I'm going to be honest and say that interpreting either of these photos as being anything animate doesn't seem like a particularly critical or well supported stance.

Excellently put.
 
...Personally, I think it's a glitch or artifact somewhere. Everything else seems blurred at that level, but the thing itself is quite sharp. I'm not very well up on computers or digital photos, but that doesn't look natural to me...

I was going to suggest that the ‘snake’ could be boat related debris – specifically, some sort of flexible ducting.
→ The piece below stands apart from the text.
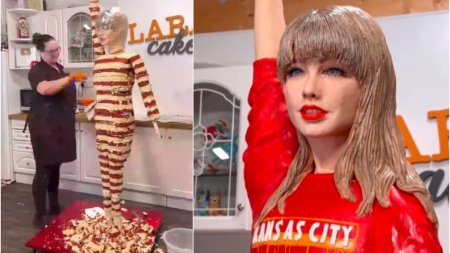 Un tort cu Taylor Swift in marime naturala a devenit viral pe internet: Wow! Este intr-adevar incredibil!
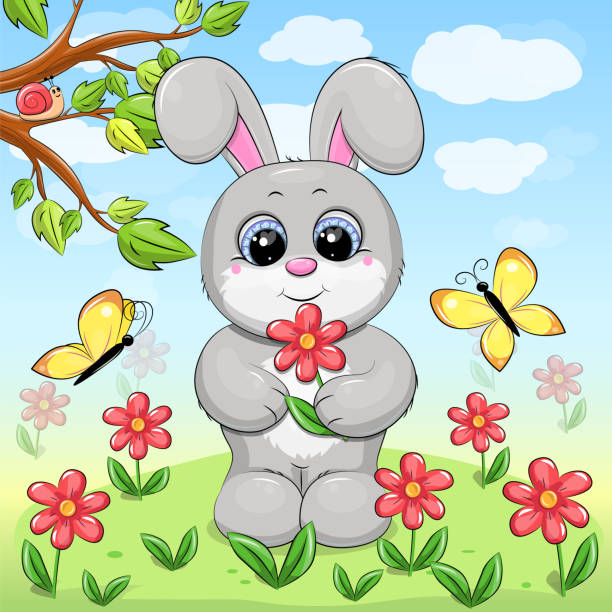 ilustraciones, imágenes clip art, dibujos animados e iconos de stock de lindo conejo gris de dibujos animados en la naturaleza. - rabbit baby rabbit hare standing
The bend looks a bit abrupt and unnatural for a biological object – but looks like something you might expect to see in flexible ducting hose. (And the lump at the bottom end could be something that the ducting might have been attached to.)

But on a closer inspection, I think you could well be right – it does look a bit sharper than the rest of the detail in that image.
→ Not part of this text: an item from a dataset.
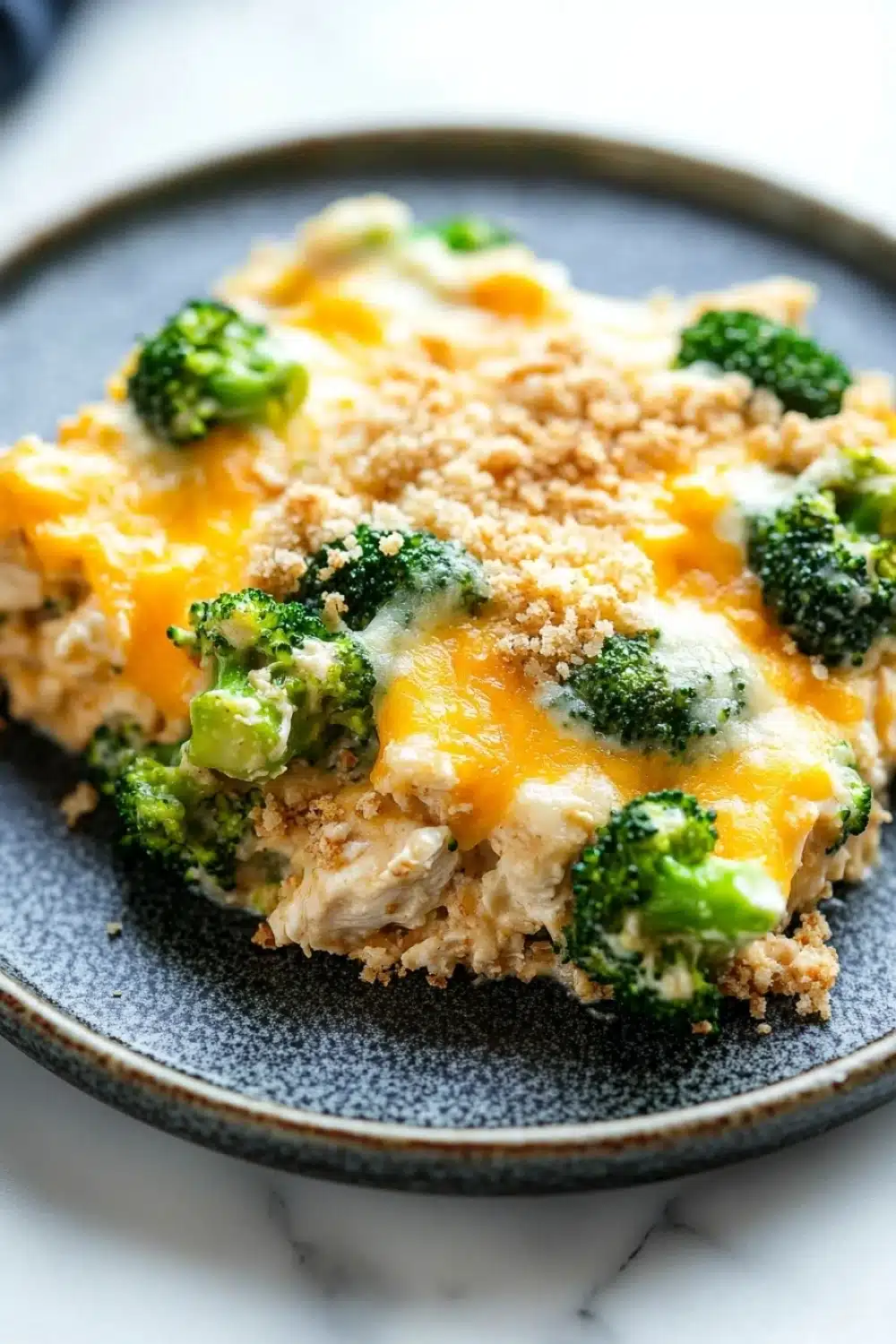 Chicken broccoli casserole protein - the image shows a close-up of a slice of broccoli casserole on a blue plate. the dish appears to be made with a golden-brown crust and is topped with melted cheese and crumbled breadcrumbs. the broccoli is bright green and looks fresh and healthy. the plate is sitting on a white marble countertop.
...I'm going to be honest and say that interpreting either of these photos as being anything animate doesn't seem like a particularly critical or well supported stance.

This.
 
I was thinking along the lines of some sort of ducting, or even packaging material, insulation - anything that can come in a roll or flexible cylinder form. Not convinced it's a snake...
 
I was thinking along the lines of some sort of ducting, or even packaging material, insulation - anything that can come in a roll or flexible cylinder form. Not convinced it's a snake...
I am thinking along those lines myself.
 
I was going to suggest that the ‘snake’ could be boat related debris – specifically, some sort of flexible ducting. ...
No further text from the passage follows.